For the records below, output every line from the one holding "Hockey Papa Tee or Sweatshirt thumbnail 18" through the final line, unaltered, and no other lines.

**RECORDS TO PROCESS**.
---------------
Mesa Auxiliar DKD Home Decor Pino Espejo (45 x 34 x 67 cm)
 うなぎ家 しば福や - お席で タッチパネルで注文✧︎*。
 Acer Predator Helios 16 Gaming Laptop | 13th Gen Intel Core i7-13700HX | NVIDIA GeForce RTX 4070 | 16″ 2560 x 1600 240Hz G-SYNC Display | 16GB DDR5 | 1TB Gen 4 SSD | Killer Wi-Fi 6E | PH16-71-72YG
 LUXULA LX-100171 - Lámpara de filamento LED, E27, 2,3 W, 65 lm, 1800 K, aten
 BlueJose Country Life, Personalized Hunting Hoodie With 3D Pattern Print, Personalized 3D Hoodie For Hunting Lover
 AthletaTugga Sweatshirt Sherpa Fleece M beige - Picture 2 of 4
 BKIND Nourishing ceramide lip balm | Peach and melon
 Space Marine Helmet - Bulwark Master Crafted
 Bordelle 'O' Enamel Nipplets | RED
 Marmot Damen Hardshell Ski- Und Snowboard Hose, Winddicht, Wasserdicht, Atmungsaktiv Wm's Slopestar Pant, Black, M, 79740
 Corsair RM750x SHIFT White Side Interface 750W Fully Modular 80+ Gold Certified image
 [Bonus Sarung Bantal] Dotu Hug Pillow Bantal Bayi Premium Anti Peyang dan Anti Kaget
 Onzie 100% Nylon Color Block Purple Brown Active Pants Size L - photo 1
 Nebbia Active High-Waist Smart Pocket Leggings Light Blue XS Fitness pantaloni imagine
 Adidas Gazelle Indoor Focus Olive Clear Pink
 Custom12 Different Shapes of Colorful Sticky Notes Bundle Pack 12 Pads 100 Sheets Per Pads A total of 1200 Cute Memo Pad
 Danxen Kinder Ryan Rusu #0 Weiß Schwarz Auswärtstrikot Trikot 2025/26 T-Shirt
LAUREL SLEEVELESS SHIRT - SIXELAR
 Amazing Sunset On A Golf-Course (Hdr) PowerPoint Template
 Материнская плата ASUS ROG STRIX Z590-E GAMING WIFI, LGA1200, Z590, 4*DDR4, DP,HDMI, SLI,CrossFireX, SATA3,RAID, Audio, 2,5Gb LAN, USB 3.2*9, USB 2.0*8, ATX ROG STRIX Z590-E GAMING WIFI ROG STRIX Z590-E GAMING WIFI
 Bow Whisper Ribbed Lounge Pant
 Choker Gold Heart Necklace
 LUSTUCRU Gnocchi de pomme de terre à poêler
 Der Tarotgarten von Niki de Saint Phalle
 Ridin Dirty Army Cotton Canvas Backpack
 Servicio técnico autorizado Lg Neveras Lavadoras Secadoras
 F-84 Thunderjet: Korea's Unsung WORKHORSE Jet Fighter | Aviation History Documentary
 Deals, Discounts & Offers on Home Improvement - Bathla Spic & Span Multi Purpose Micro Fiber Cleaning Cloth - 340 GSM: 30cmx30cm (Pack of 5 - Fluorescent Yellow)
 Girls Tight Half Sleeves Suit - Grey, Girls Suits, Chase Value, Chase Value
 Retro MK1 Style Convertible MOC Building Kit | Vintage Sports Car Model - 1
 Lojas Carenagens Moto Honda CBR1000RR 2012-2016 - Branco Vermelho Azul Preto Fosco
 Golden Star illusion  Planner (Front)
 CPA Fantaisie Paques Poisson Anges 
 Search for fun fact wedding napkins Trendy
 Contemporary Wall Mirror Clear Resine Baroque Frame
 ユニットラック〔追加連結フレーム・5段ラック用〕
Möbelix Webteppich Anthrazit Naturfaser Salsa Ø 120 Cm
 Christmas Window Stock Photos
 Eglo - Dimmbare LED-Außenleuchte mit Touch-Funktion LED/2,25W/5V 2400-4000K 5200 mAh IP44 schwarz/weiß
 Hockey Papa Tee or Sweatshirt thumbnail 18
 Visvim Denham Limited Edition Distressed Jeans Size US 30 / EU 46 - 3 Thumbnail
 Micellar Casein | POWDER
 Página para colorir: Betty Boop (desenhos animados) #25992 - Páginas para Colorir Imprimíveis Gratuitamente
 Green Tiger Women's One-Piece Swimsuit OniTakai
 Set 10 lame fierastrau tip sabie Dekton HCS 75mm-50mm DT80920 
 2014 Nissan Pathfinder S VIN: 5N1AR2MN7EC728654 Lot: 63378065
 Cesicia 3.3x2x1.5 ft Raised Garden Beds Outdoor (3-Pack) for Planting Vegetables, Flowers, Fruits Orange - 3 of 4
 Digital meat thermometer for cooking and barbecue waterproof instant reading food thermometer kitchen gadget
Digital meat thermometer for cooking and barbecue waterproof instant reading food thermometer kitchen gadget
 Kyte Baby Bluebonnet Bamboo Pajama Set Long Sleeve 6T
---------------
**OUTPUT FOR THIS TASK**.
 Hockey Papa Tee or Sweatshirt thumbnail 18
 Visvim Denham Limited Edition Distressed Jeans Size US 30 / EU 46 - 3 Thumbnail
 Micellar Casein | POWDER
 Página para colorir: Betty Boop (desenhos animados) #25992 - Páginas para Colorir Imprimíveis Gratuitamente
 Green Tiger Women's One-Piece Swimsuit OniTakai
 Set 10 lame fierastrau tip sabie Dekton HCS 75mm-50mm DT80920 
 2014 Nissan Pathfinder S VIN: 5N1AR2MN7EC728654 Lot: 63378065
 Cesicia 3.3x2x1.5 ft Raised Garden Beds Outdoor (3-Pack) for Planting Vegetables, Flowers, Fruits Orange - 3 of 4
 Digital meat thermometer for cooking and barbecue waterproof instant reading food thermometer kitchen gadget
Digital meat thermometer for cooking and barbecue waterproof instant reading food thermometer kitchen gadget
 Kyte Baby Bluebonnet Bamboo Pajama Set Long Sleeve 6T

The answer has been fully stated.